What is needed: Leaving out pictures, output exactly the lines below from the one that has "The anchor cap" through the one that has "Step 3: Subtract", and nothing else.

......

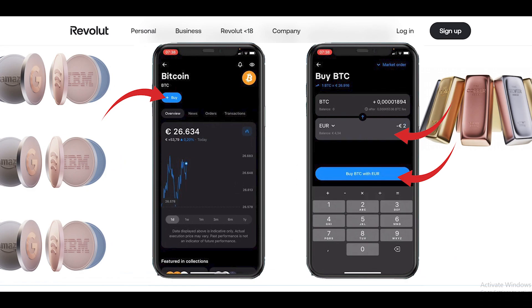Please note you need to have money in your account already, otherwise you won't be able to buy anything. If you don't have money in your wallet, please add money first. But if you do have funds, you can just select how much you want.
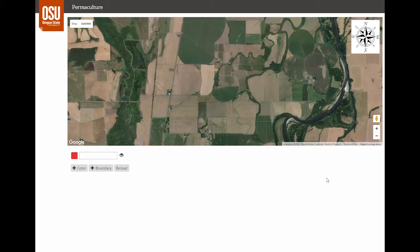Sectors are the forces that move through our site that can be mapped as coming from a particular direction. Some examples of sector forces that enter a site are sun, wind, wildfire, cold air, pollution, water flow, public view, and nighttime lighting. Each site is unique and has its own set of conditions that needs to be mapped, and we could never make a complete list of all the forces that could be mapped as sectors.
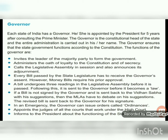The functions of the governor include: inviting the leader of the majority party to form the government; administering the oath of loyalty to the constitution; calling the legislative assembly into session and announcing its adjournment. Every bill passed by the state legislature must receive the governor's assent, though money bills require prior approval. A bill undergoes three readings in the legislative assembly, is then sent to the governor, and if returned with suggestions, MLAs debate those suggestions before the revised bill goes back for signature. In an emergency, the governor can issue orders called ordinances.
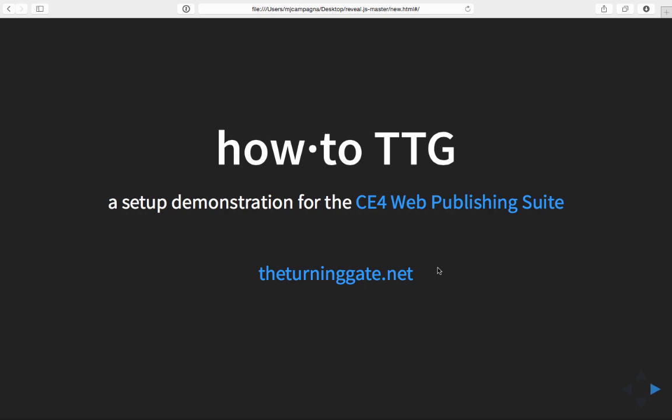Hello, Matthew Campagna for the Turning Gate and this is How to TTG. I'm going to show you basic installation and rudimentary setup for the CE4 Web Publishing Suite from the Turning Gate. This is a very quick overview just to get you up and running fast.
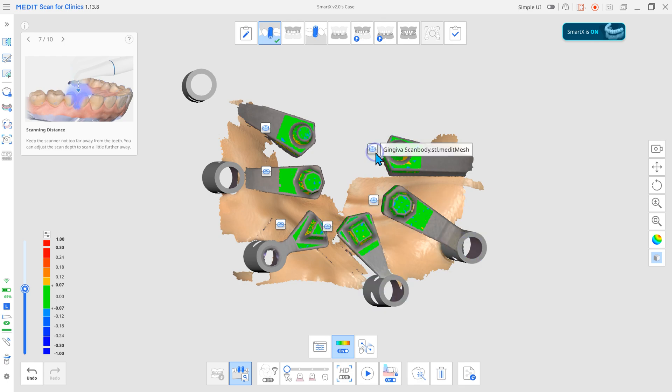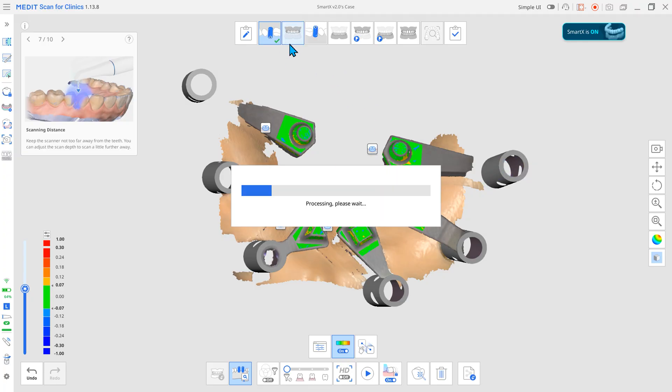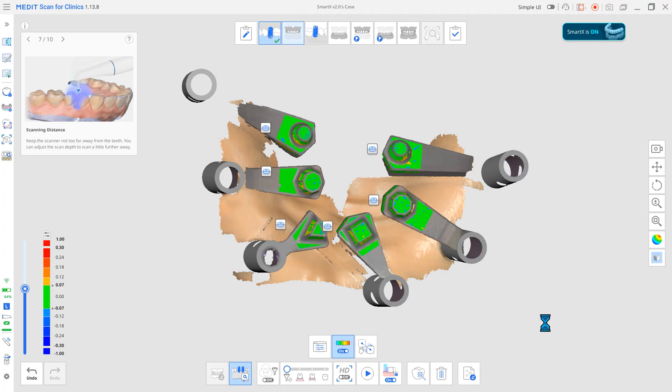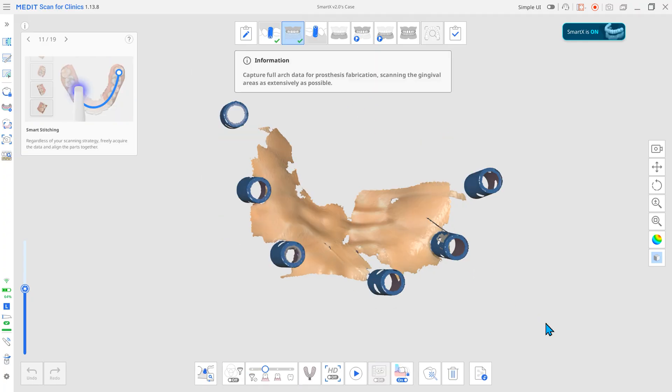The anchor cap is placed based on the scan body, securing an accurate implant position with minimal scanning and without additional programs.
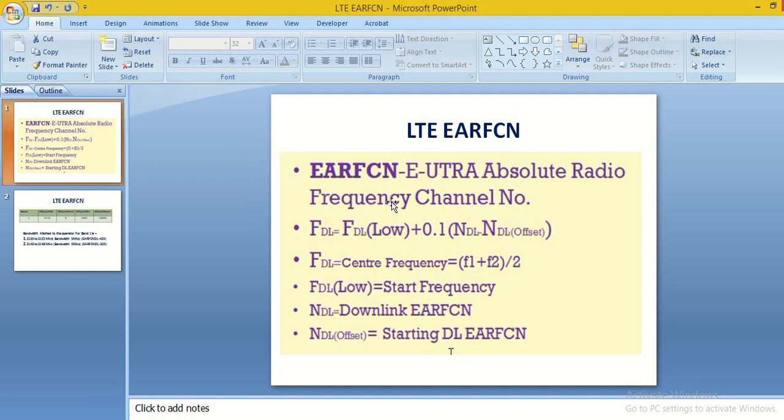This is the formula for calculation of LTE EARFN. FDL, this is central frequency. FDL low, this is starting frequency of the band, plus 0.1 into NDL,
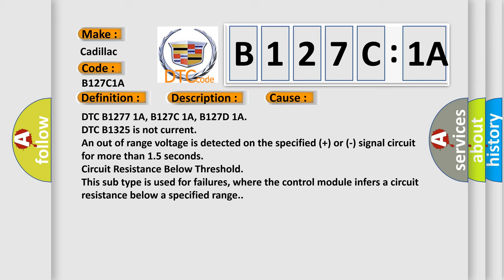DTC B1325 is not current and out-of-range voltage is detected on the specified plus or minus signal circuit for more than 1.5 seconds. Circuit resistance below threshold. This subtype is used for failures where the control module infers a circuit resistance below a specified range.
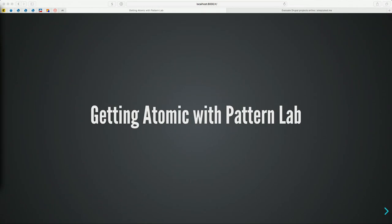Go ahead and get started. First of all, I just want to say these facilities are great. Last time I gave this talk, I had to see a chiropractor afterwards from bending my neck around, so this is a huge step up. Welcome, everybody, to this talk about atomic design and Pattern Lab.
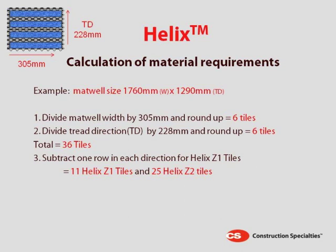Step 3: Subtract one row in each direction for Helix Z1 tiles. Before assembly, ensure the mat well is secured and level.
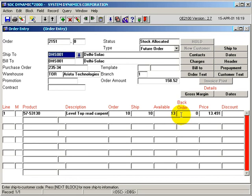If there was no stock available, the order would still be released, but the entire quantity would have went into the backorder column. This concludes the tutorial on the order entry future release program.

......

Your solution:
The anchor cap is placed based on the scan body, securing an accurate implant position with minimal scanning and without additional programs.
This is the formula for calculation of LTE EARFN. FDL, this is central frequency. FDL low, this is starting frequency of the band, plus 0.1 into NDL,
DTC B1325 is not current and out-of-range voltage is detected on the specified plus or minus signal circuit for more than 1.5 seconds. Circuit resistance below threshold. This subtype is used for failures where the control module infers a circuit resistance below a specified range.
Go ahead and get started. First of all, I just want to say these facilities are great. Last time I gave this talk, I had to see a chiropractor afterwards from bending my neck around, so this is a huge step up. Welcome, everybody, to this talk about atomic design and Pattern Lab.
Step 3: Subtract one row in each direction for Helix Z1 tiles. Before assembly, ensure the mat well is secured and level.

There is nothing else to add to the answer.